Steeped in men’s wear, Osborne revealed the big secret behind why he does women’s wear so well.
It was a different kind of vibe at a fashion show, one reflective of what Osborne brings to fashion. That is, not just another collection.
The opening look was a pleasant surprise and they kept coming. A gold satin yellow frock with a vintage patina, draped and ruched across the body, was surprisingly feminine in the traditional sense.
The collection was drenched in island vibes outside of what tourists think of as the islands. But the island as a nation ,in this case, Jamaica is what Osborne dove into; a real country with its own influential culture.
The influence was evident throughout the collection with one outfit in shades of the Jamaican flag, and others making great use of rastafarian color ways of red, green and yellow.
Mesh tops, another motif from Jamaican culture which Osborne has played in before, resurfaced. This time they were not only sporty but paired with glamorous asymmetrical skirts.
Everything was soft and easy including lush burgundy satin pants and trench coat with ruched sleeves. A fabulous short sleeve jacket and culotte worked with lace turtleneck and leggings underneath, like the tights basketball players like Leonard wear under their shorts to play. This version, of course, much more polished.
Shoes by Brother Vellies and by Armando Cabral added glamour to this woman Osbourne clearly envisioned as revelling in her ability to go for the glam. Looking at how male designers especially of previous generations, and those who’ve done a lot of men’s, get women’s wear wrong, I wondered how Osbourne got it so right. He seemed to understand the question immediately. ” I grew up around a household of women,” he said matter-of-factly.
And there was quite a bit of menswear. It was softly tailored, wide-leg pants, knits and t-shirts under jackets and flat slipper mules on the guys’ feet that would look right at home on women too.

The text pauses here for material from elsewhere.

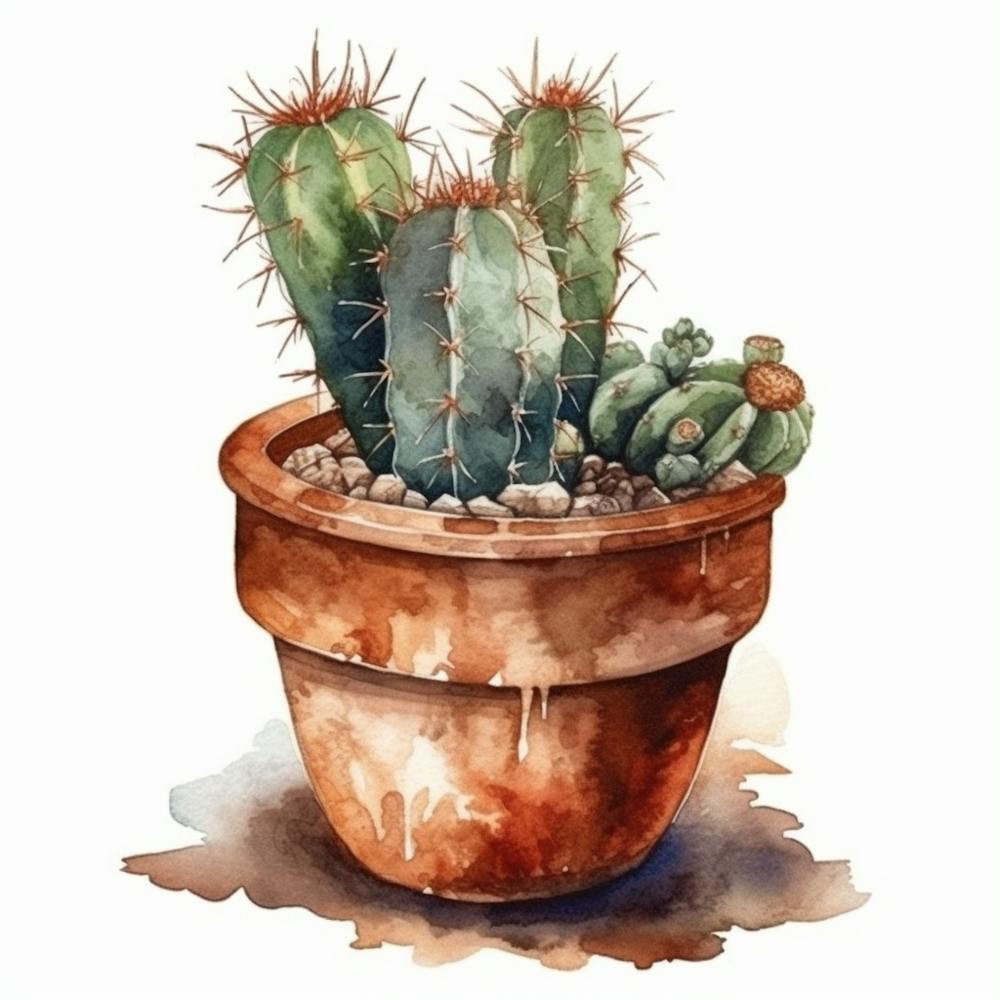 Watercolor Cactus 1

“Look,” said Osborne, pointing to garments hanging backstage after models had stripped them off after the show. “That’s all made from deadstock.”
Sustainability of the environment and our social construct is on some designers minds these days. The idea of positioning a collection in a BIPOC culture other than HipHop is still new and experimental.
Would this collection have been done or even worked creatively twenty or even ten years ago, i asked Osborne. ” Ten years ago? No,” said the designer. “I think people are ready for it now.”